Sisa kejayaan benteng Belanda di Nusakambangan masih bisa disaksikan. Salah satunya Benteng Karang Bolong di Nusakambangan timur. Setelah menyeberang dengan perahu nelayan dari Teluk Penyu, butuh sekitar 30 menit jalan kaki melintasi area hutan hingga sampai di benteng ini. Sekilas benteng itu tinggal puing-puing yang sudah ditumbuhi semak belukar dengan belitan akar pohon di dindingnya. "Mengingatkan pada bangunan Angkor Wat di Kamboja," kata Evgenia (30), wisatawan asal Selandia Baru.
Strategis
Heri Prayitno (56), pemandu wisata di Nusakambangan, mengatakan, benteng seluas 6.000 meter persegi itu didirikan enam lantai di bawah tanah. Benteng ini strategis karena dari bagian atas bisa melihat laut lepas sekaligus mengawasi jalur masuk ke pelabuhan.
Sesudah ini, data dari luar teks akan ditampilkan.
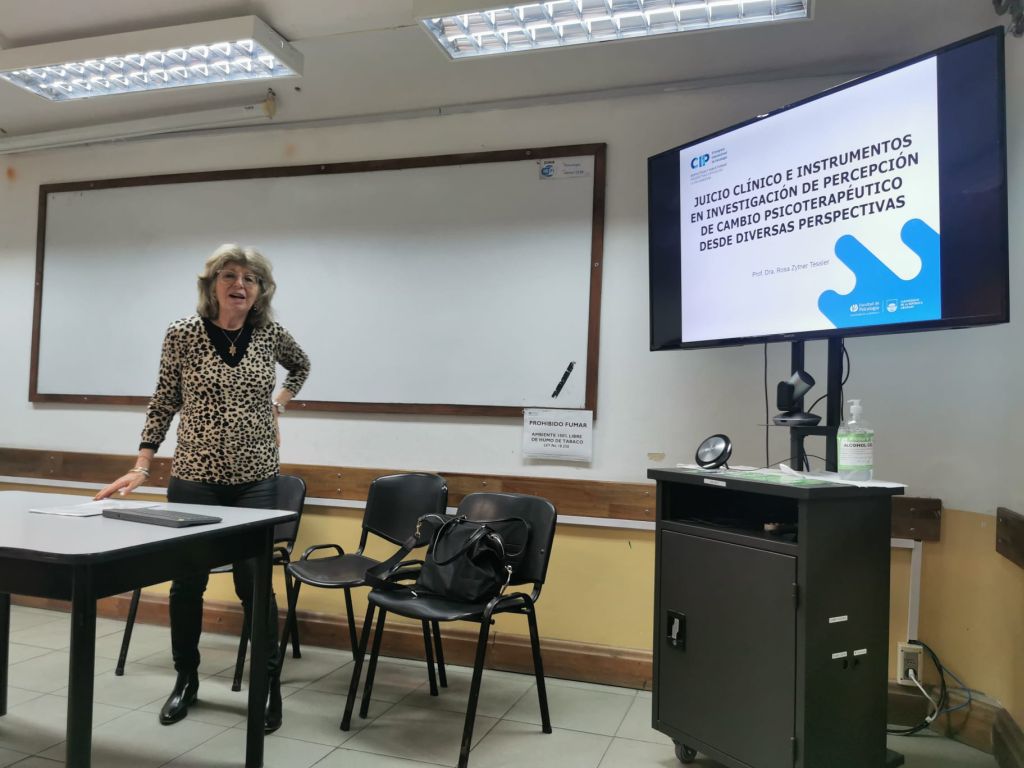 Las distintas facetas de la Psic. Prof. Rosa Zytner, homenajeada en la ...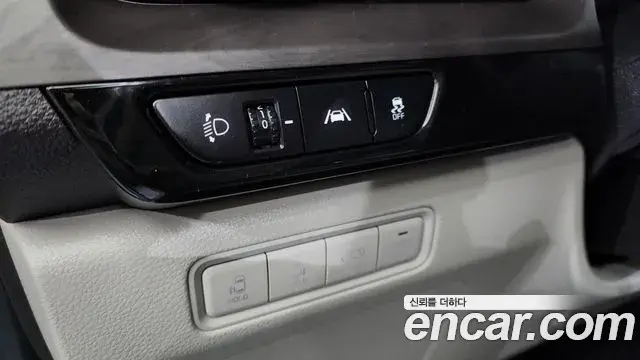 Kia Carnival 2021 — Photo 13/20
Benteng juga terhubung terowongan dalam laut dengan Benteng Pendem di Semenanjung Cilacap.
Walau potensinya tak terawat sepenuhnya, Kepala Divisi Pemasyarakatan Kantor Wilayah Kemenkumham Jateng Hermawan Yunianto menegaskan, saat ini Nusakambangan masih menjadi pulau tertutup dan hanya difungsikan sebagai penjara.
Namun, Bupati Cilacap Tatto Suwarto Pamudji berpandangan, pengelolaan wisata dan pengamanan penjara dapat dijalankan beriring tanpa saling mengganggu. Potensi Nusakambangan harus dikembangkan dan bermanfaat bagi masyarakat.